Sat: 1/31: Rod trot-galloped 2 miles. About 1/2 gallop. Best one to date says Nob. For the slow learner the light bulb switches to on. Art galloped 1 +1. The last one in 18s.

3 Comments:

Blogger Bill said...

RR-

I have been comparing US to Australian training as it relates to breakdowns, here is some of what I've found online and anecdotally:

Breakdowns per 1,000 starts:
US - 1.43
AU - 0.39
Minutes horses exercise daily:
US - 10
AU - 45
Fast work days each week:
US - less than 1
AU - 2.2
Racing frequency:
US - every 3 weeks
AU - every 11 days
HR/GPS monitors in use:
US - less than 5
AU - over 100

So, Australia trains/races theirs faster and more often than the US, yet the US has a 370% higher rate of catastrophic injury.

2/1/09, 8:39 AM  
Blogger duncan hockley said...

RR I am an owner trainer in South Australia and have enjoyed reading your blog since I found it a few months ago. I found Tom Ivers works invaluable and miss his insights.
I trained our home bred horse a few years ago ( my first so far ) and am happy that I stuck to the script according to Tom and our horse retired sound after 30 starts and that I never knowingly hurt him.

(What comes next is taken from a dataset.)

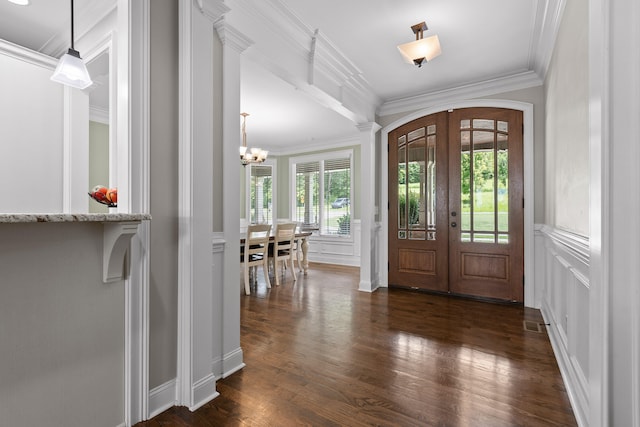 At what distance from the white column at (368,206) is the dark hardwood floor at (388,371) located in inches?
31.2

Any way,can I recommend a book to you for an insight into training procedures in the 1930's called "Racehorse Training" by Robert W Collins . My copy is a 1972 reprint by The Thoroughbred Record Co Inc, Lexington Kentucky of the original 1938 edition. The title page states that it was reprinted in 1958.
Its a year long account on a nearly daily basis of a stable with about 10-12 regular runners in both Florida and Mass.Very detailed from a trainer who was not afraid to gallop his horses.
Dont know how hard it would be to find.

2/1/09, 11:58 PM  
Blogger Bill said...

Hello again RR-

I've spent the last several days adding copy to my website, a few words on many different things I have found that can help a thoroughbred owner/trainer win some more races.

www.thoroedge.com
www.horsetrainingscience.blogspot.com

The second link is my version of what you have been doing so eloquently for the past few years.

On another note I've been searching for the Collins book mentioned above, no luck yet in the online universe.